Teilnahme am Unterrichtungsverfahren: Für alle Mitarbeiter, die mit der Durchführung von Bewachungsaufgaben beschäftigt werden sollen, schreibt die Bewachungsverordnung ein mindestens 40-stündiges Unterrichtungsverfahren vor.

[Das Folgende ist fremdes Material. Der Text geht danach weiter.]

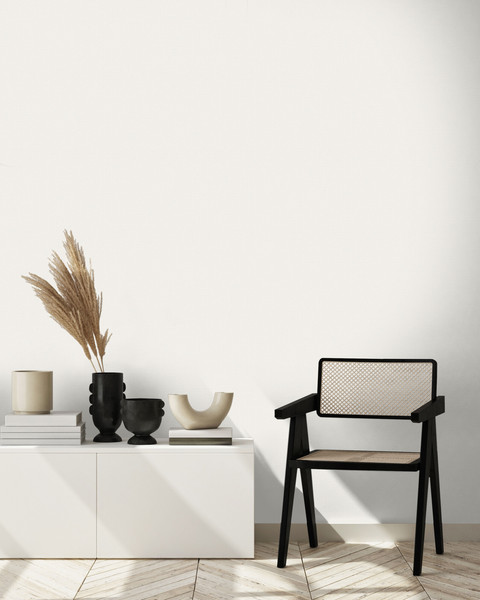 Виниловые обои Euro Decor 9248-17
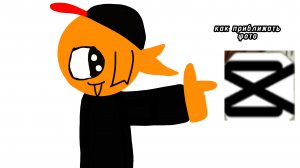 как приближать фото в capcut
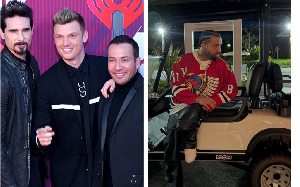 Drake And Backstreet5.png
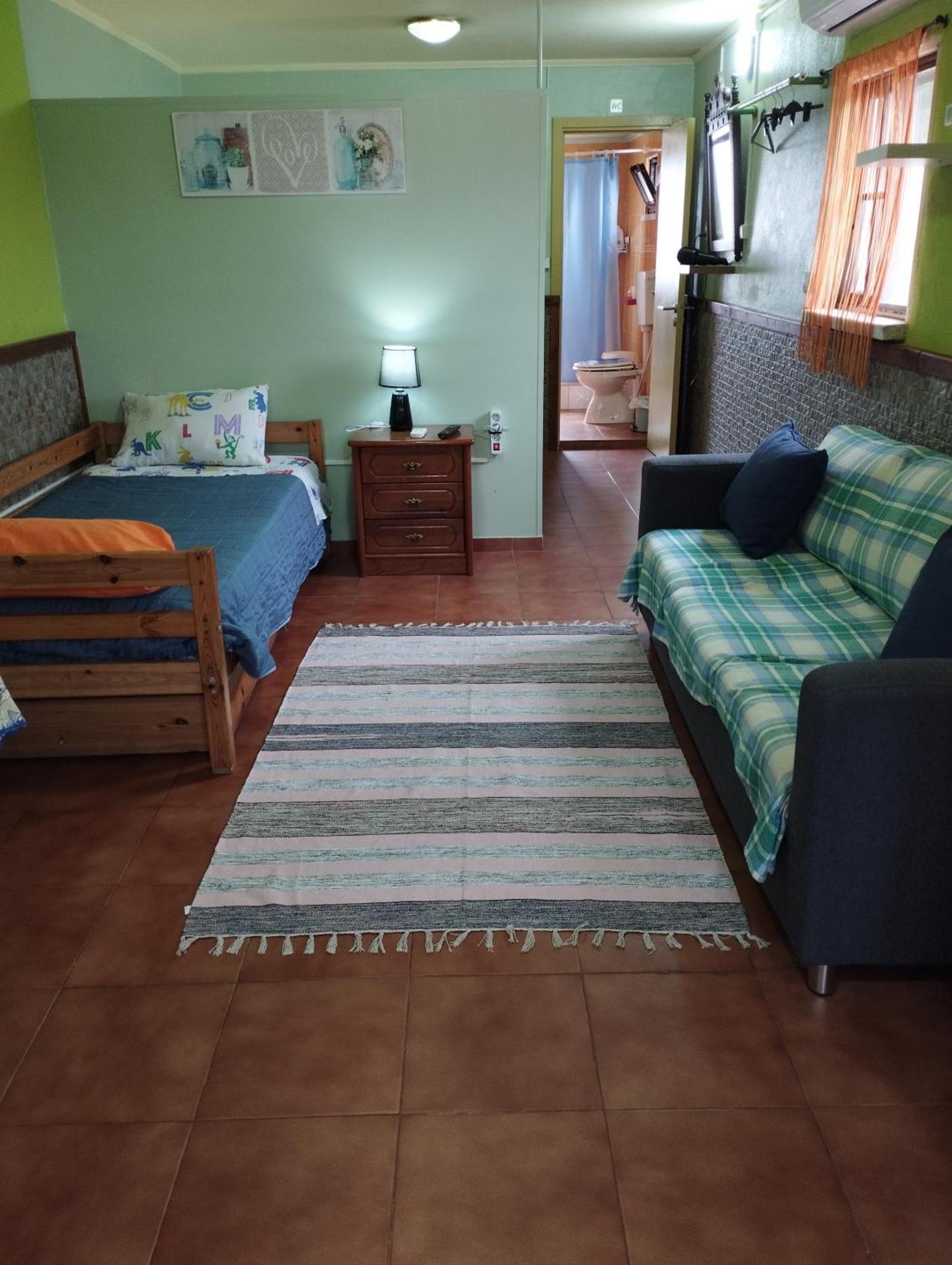 Monte Sol Nascente Villa Grândola Exteriör bild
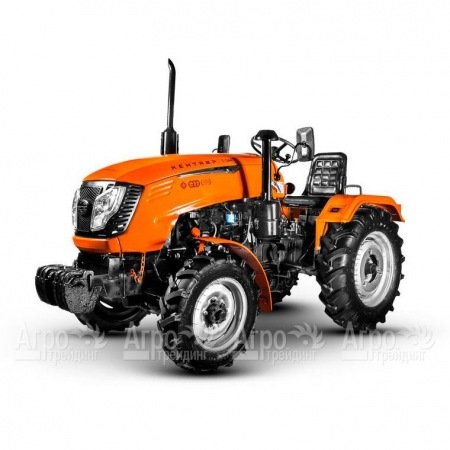 Минитрактор Кентавр Т-244 PRO в Саратове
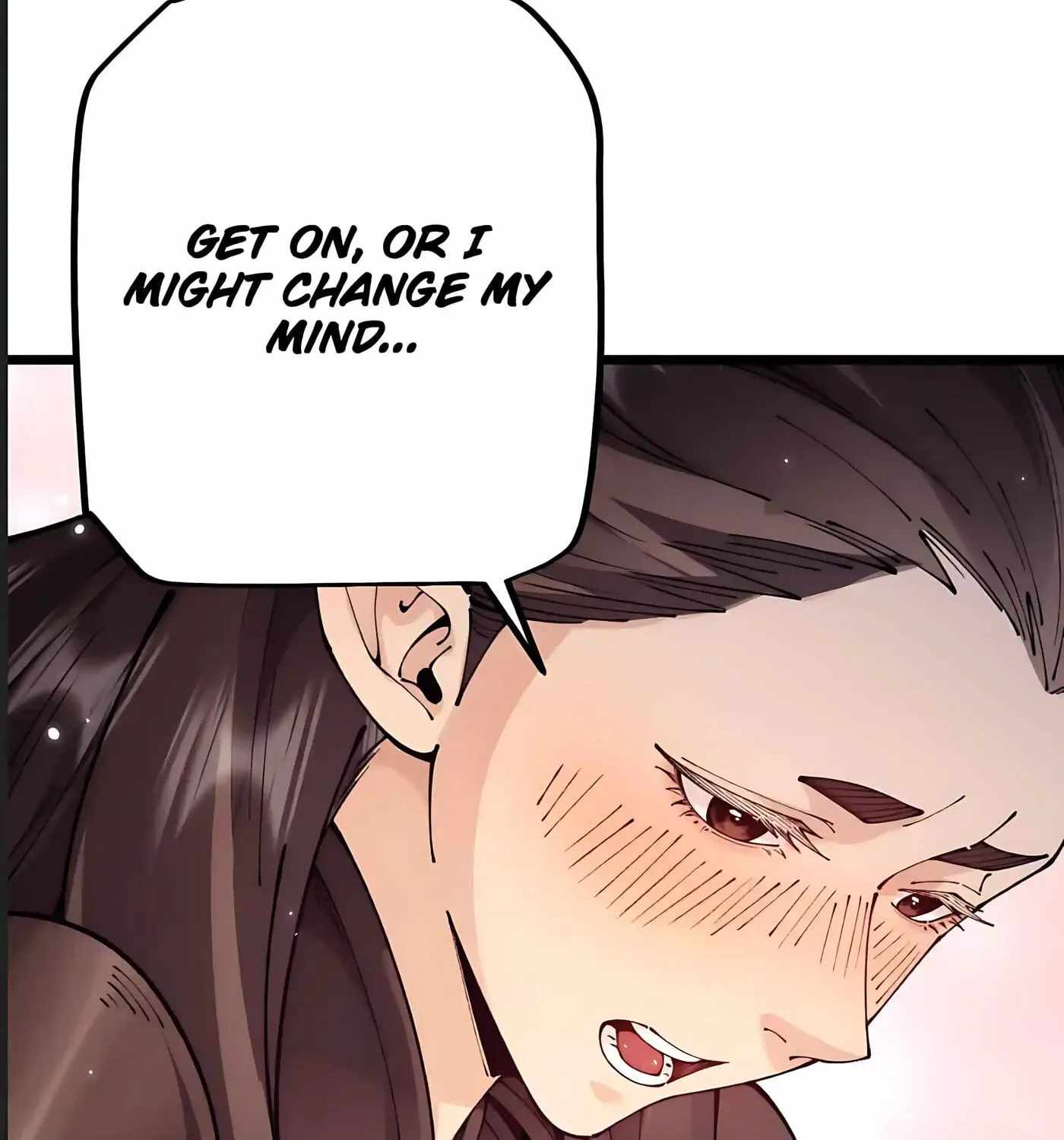 From Goblin to Goblin God Chapter 112 - Page 3 in English
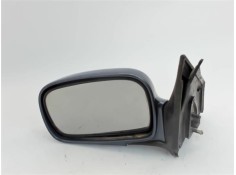 Recambio de retrovisor electrico izquierdo para kia carens (rs) 1.8 ls monovolumen referencia OEM IAM E4012124  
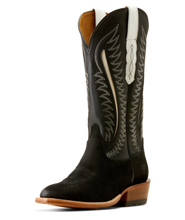 Load image into Gallery viewer, Ariat WMS Futurity Limited Western Boot
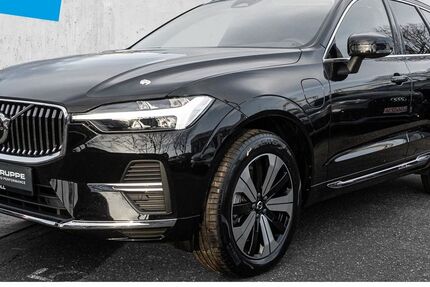 Volvo XC60 22.184 km 45.760 &euro; Düsseldorf 40549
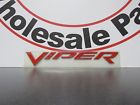 Wn73gk3ac Mopar Dodge Viper Very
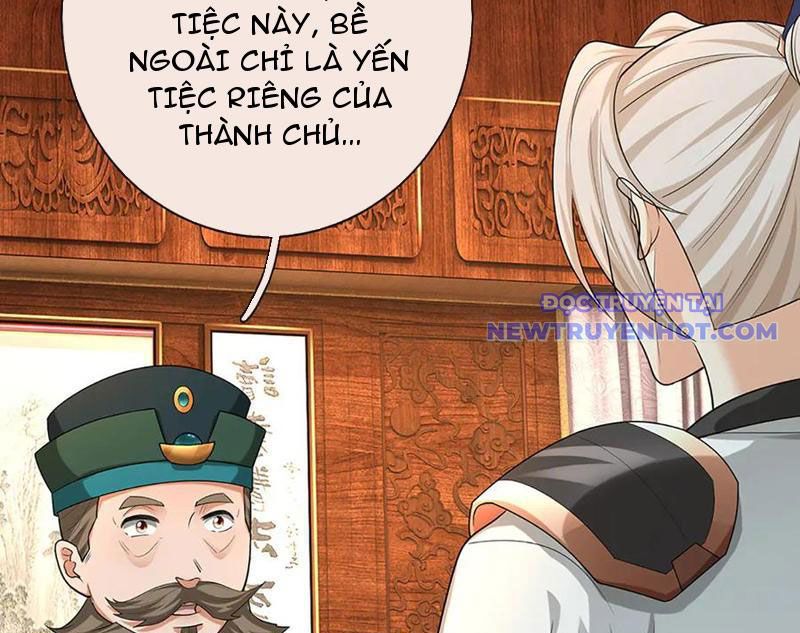 Ta Có Thể Tấn Công Không Giới Hạn chapter 78 - Trang 40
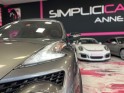 Nissan juke bvm6 tekna 115cv start/stop/toit ouvrant/sieges chauffants occasion simplicicar annecy simplicicar simplicibike...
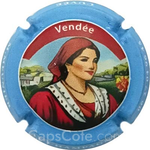 Capsule Jobert Mickaël & Stéphanie Vendée
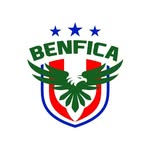 Detalhamento Estrela Benfica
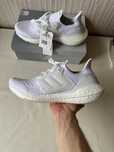 Adidas ultraboost 22 ОРИГІНАЛ!!!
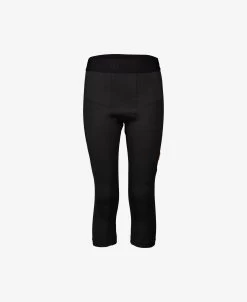 POC Base Armor Tights Jr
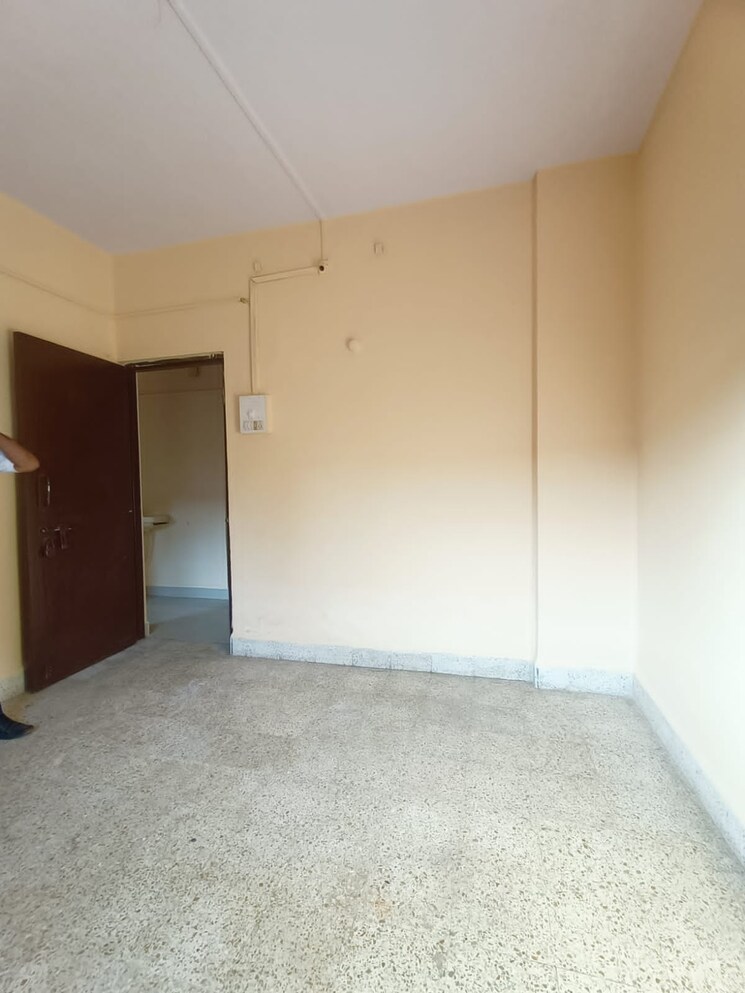 Room, seawoods 1 Bedroom 600 Sq.Ft. Apartment In Seawoods Navi Mumbai 4496688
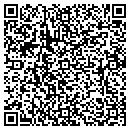 QR code with Albertson's contacts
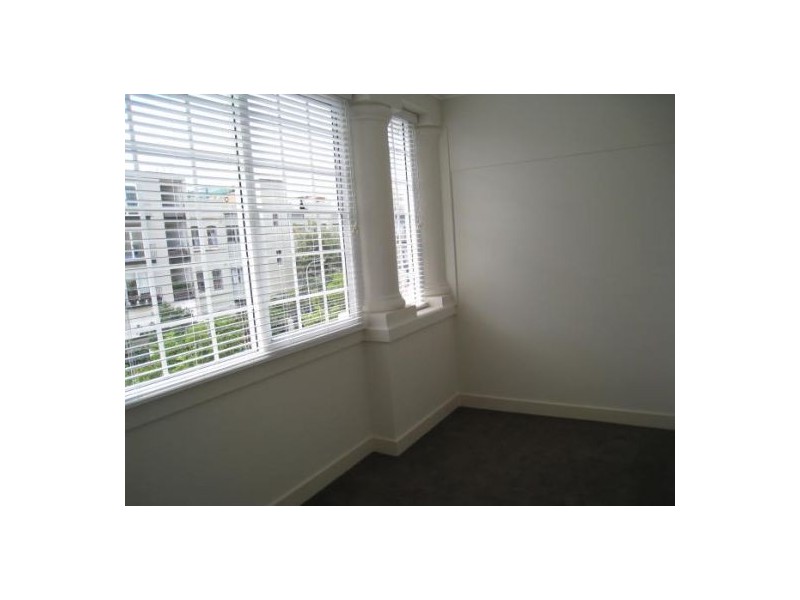 3/20 Lamrock Ave, Bondi Beach NSW 2026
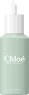 Chloé Chloé by Chloé Naturelle Eau de Parfum (EdP) REFILL 150 ml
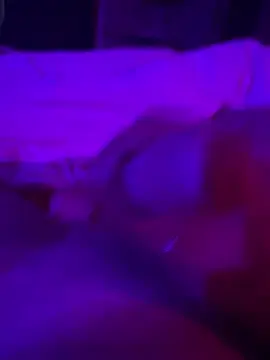 Stripchat Live Sex Cam of mm34974
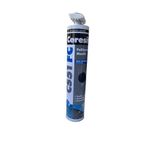 Henkel CERESİT CS51FC POLİÜRETAN MASTİK GRİ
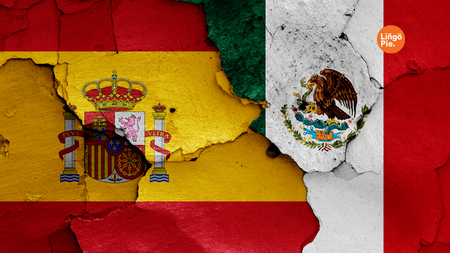 What Are The Spanish Dialects And Just How Many Are There?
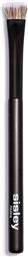 EYESHADOW SHADE BRUSH - 180009 SISLEY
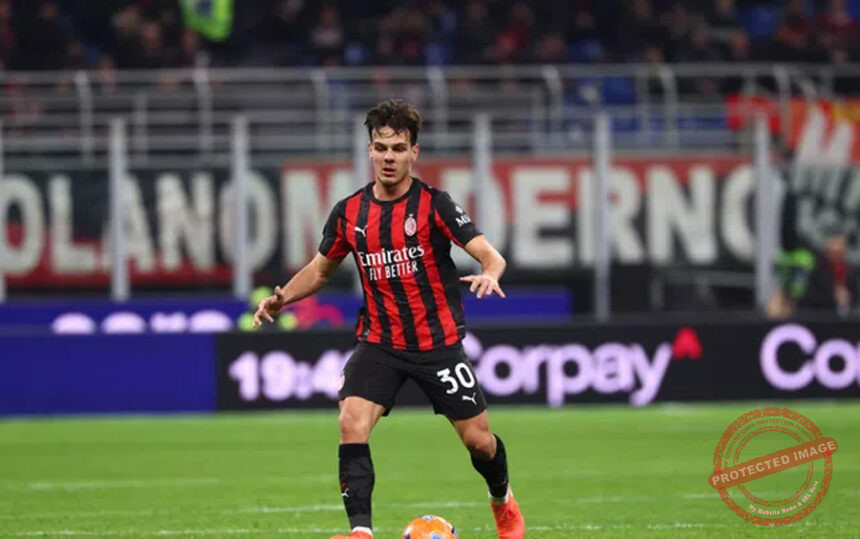 Jashari, ora e artë po troket: nga rikthimi i heshtur te çelësi i ri i mesfushës kuqezi 51 jashari ne te ardhmen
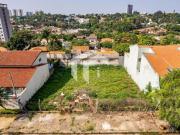 SEU NOVO NEGÓCIO AQUI!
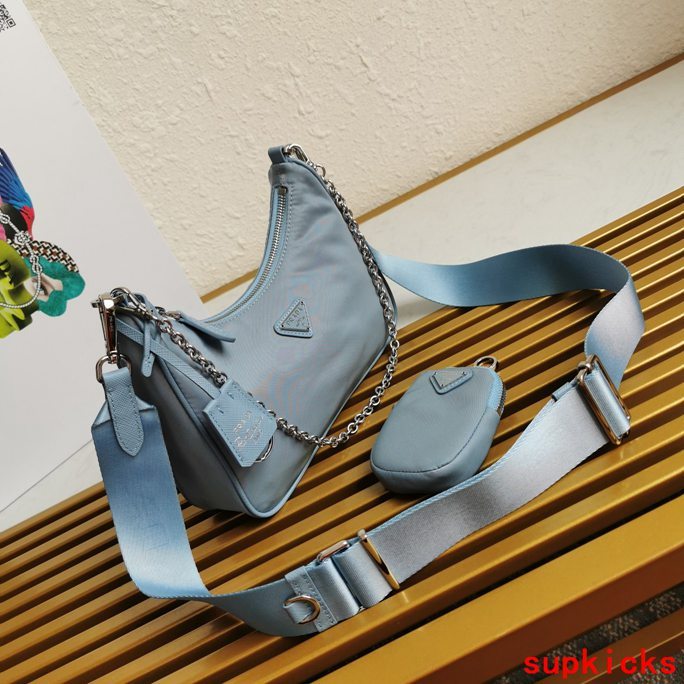 Glami- - PD Women Bags - 068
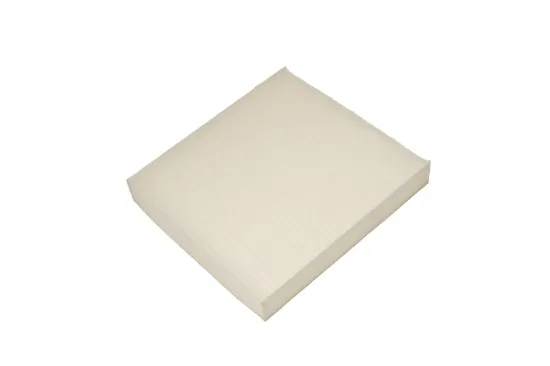 Filter, Innenraumluft HELLA 8ZC 366 120-681 Bild Filter, Innenraumluft HELLA 8ZC 366 120-681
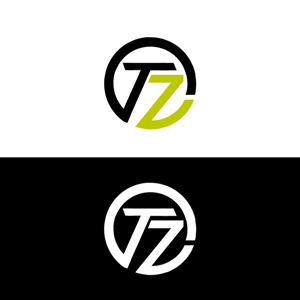 Logo Design by Roma. for this project | Design: #36452661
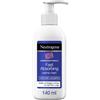 Neutrogena crema mani assorbimento rapido 150 ml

Folgende Prüfungszeugnisse werden als Nachweis der erforderlichen Unterrichtung anerkannt:
- Die Sachkundeprüfung nach § 5c Abs. 6 BewachV
- Ein einschlägiger Berufsabschluss, wie z.B. IHK-geprüfte Werkschutzfachkraft, geprüfter Werkschutzmeister, Fachkraft für Schutz und Sicherheit, geprüfter Meister für Schutz und Sicherheit, geprüfte Schutz- und Sicherheitskraft etc.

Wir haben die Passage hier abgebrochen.